• DATASET EXTRACT
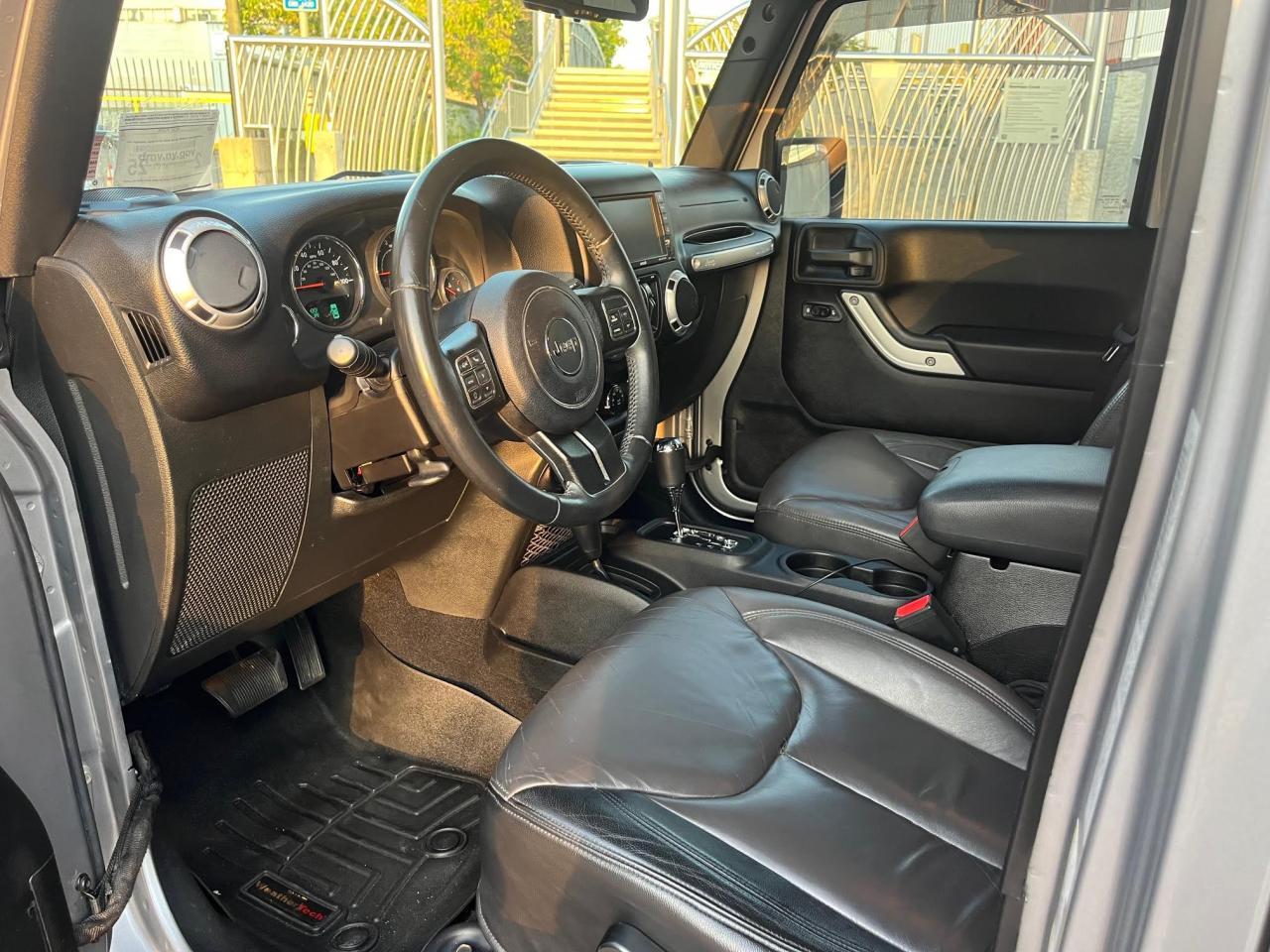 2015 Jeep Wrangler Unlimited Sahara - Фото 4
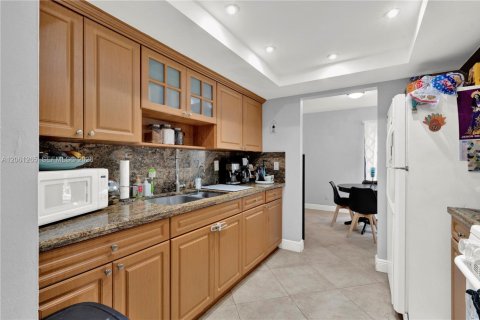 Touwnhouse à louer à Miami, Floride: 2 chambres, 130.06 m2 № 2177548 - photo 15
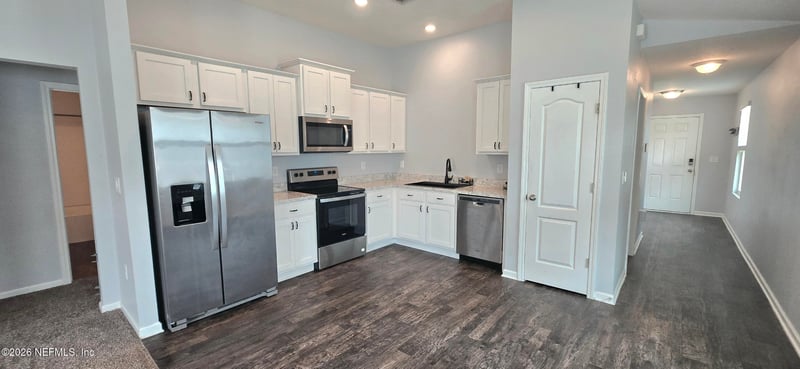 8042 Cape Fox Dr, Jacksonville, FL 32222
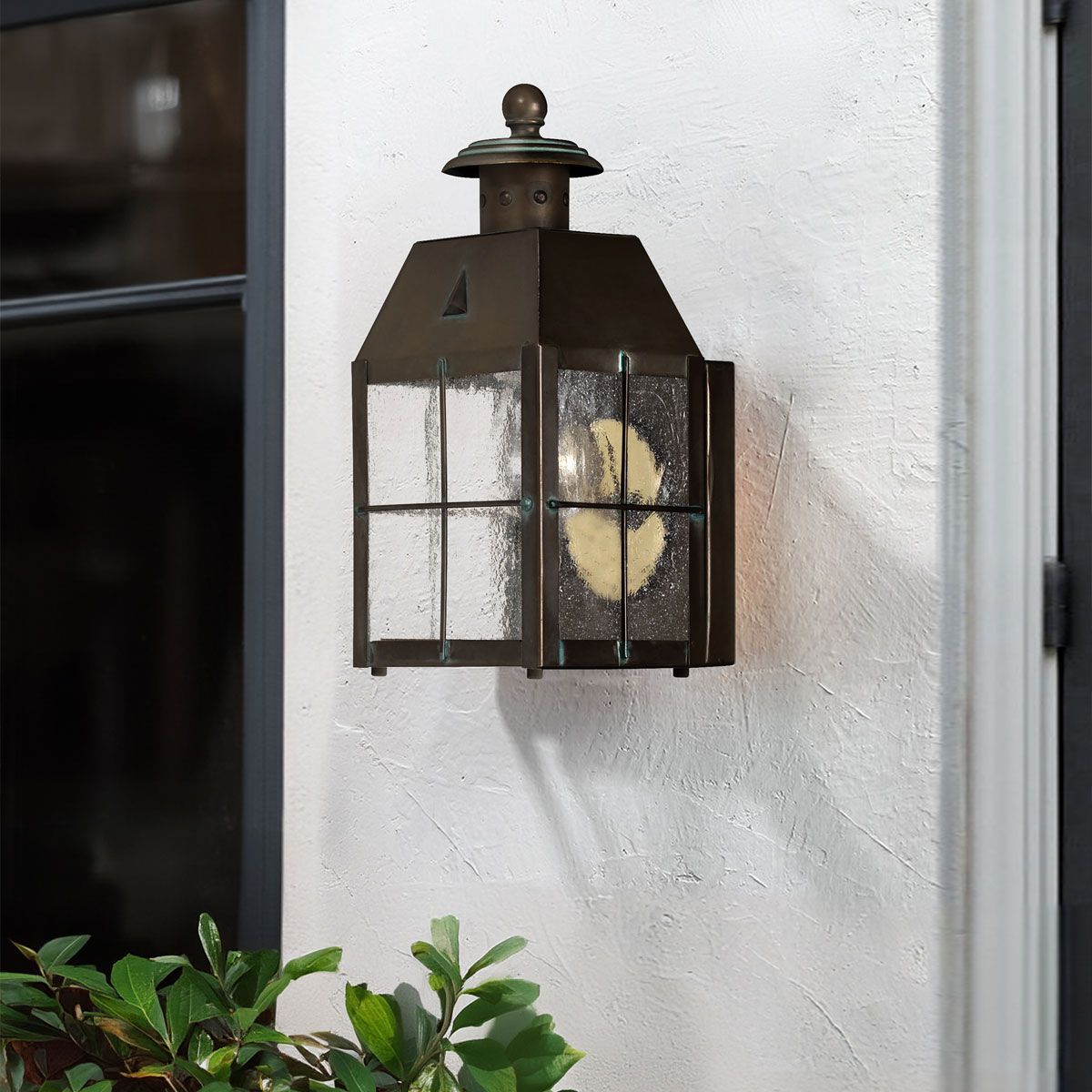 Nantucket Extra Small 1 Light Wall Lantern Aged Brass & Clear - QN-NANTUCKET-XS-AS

• TASK BRIEF
No pictures should appear in the copy; write out exactly the lines from the one containing "8042 Cape Fox Dr, Jacksonville, FL 32222" through the end of the material.

• FINISHED EXERCISE
 8042 Cape Fox Dr, Jacksonville, FL 32222
 Nantucket Extra Small 1 Light Wall Lantern Aged Brass & Clear - QN-NANTUCKET-XS-AS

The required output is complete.